While my experience in the area is based on my work on ZeroMQ and more recently on nanomsg, there are many other libraries that share the same challenge. One may mention, for example, OpenPGM (reliable multicast, RFC 3208), UDT (bulk transfer protocol) or OpenOnload (Solarflare's kernel by-pass networking).

This article gives an overview of technical challenges of designing an idiomatic APIs for network protocols implemented in user space and provides a background for my recent EFD_MASK patch to Linux kernel.

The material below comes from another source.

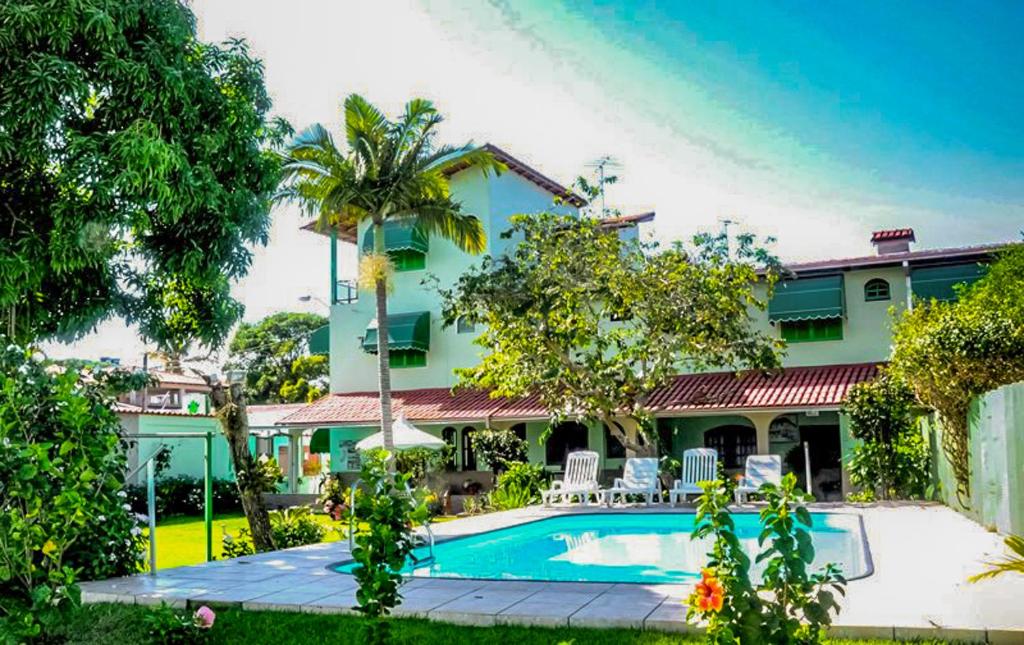 uma casa com uma piscina em frente em VOA Pousada Dos Jasmins em Serra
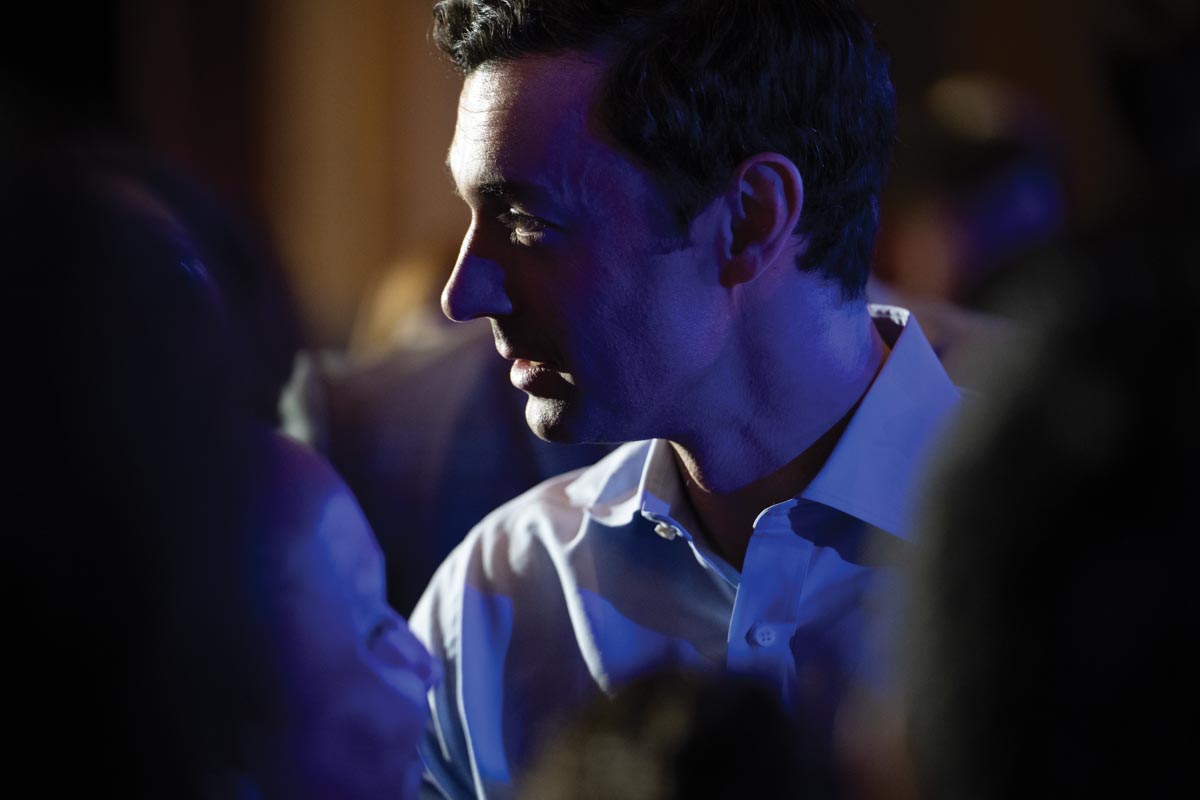 U.S. Senator Jon Ossoff (D-GA) in profile in a dimly lit room with brighter light on the far side of his face, and a blue light on the near side of his face. He is wearing a white button-down shirt.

When implementing a network protocol in user space you will almost certainly start with some kind of clone of BSD sockets API:

struct myproto_sock {
    ...
};

struct myproto_addr {
    ...
};

struct myproto_sock *myproto_socket (void);
int myproto_close (struct myproto_sock *s);
int myproto_bind (struct myproto_sock *s, myproto_addr *addr);
int myproto_connect (struct myproto_sock *s, myproto_addr *addr);
ssize_t myproto_send (struct myproto_sock *s,
    const void *buf, size_t len, int flags);
ssize_t myproto_recv (struct myproto_sock *s,
    void *buf, size_t len, int flags);

However, when implementing anything except for the simplest client applications this API is not sufficient. To handle more than one socket in parallel, you need polling. For example, your server application may want to wait until at least one of several myproto sockets becomes readable.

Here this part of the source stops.